1. the goal is the construction of data warehouse (or materialized view) integrating several kinds of data sources, particularly for scientific applications in agriculture. Interesting, because it's a little similar to our goal in KADIS, the only difference is that our application is about archeology. 
2. The background of the application is that: distinct data sources may be maintained independently, and research on semantic data heterogeneity is focused, and an incremental and modularized approach is suggested by the paper to deal with the issues of data integration. 
2. Information System Interoperability
1. The paper suggests that the only way to reach interoperability is by publishing the interfaces, schemas and formats used for information exchange, making their semantics as explicit as possible, so that they can be properly handled by the cooperative systems. 
2. Three viewpoints must be considered about the information systems' interoperability: application domain, conceptual design and software system technology. For each viewpoint, interoperability should be achieved.
3. Data System Interoperability
1. in this section, the definitions of centralized database system and heterogeneous database system are firstly presented.
2. Two categories of approaches to enable integrated access to multiple physical databases: schema integration and the federated approach. 
3. web database is also mentioned in the section, and the challenge of the querying Web database research is the construction of a unified and simple interface.
4. Data Integration
1. The basic procedure of data integration concerned here include the resolution of heterogeneity conflicts and transformations of source data to accommodate them in the integrated view.
2. The kinds of data to be integrated and the heterogeneity conflicts should be firstly categorized. 
3. The structure of data is discussed: the structured data and semi-structured data. 
4. Data heterogeneity, or conflict is summarized.

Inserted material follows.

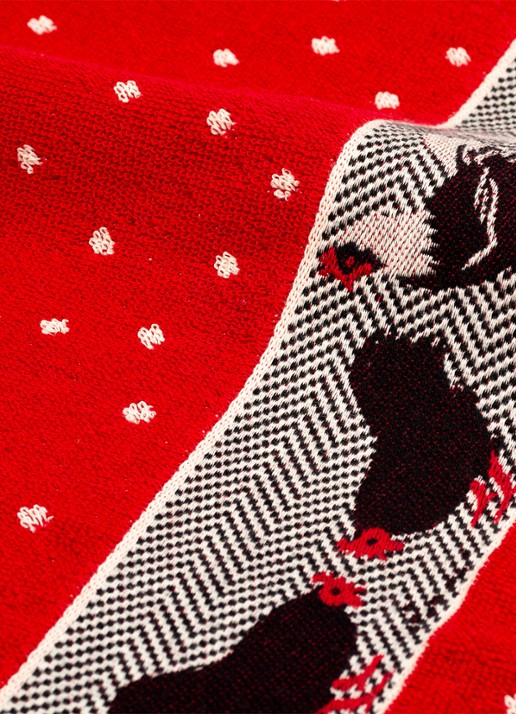 Bunzlau Castle Kip keukendoek 53 x 60 cm - voorkant 2 rood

Two ways are used to define the data conflicts or data heterogeneity. 
1. representational conflict and semantic conflict;
2. based on the different levels of abstraction, such as instance, schema, data model. The conflicts can be classified as : data conflicts, schema conflicts, data versus schema conflicts, and data model conflicts. 
5. Some proposals are brought up to solve these conflicts in the RDB and semi-structured data. Here some surveys need reading. 
6. Another way to solve the conflict, is the construction of the standard to describe the semantics. (common semantics)
7. A series of procedures are suggested in the paper to generate the unified view of heterogeneous data. It's inspiring for our work, I think.
5. Building blocks to integrate data in cooperative systems
1. In the section, the author describes the software framework, modules, and techniques that could be used to contribute the integrated data views.
6. The semantic web
1. A simple digest is presented here, giving us a general idea of the semantic Web standards and technologies. 
1. Character Encoding + URI 
2. XML + Schema
3. RDF + RDFS
4. Ontology
7. Web services

Semantic Integration Research in the Database Community  A Brief Survey

This survey firstly presents the applications that require semantic integrations, and brings up difficulties during the integration process. Schema matching and data matching, which play very important influence in the semantic integration, are focused on in the following content. Finally, some other open issues are discussed. 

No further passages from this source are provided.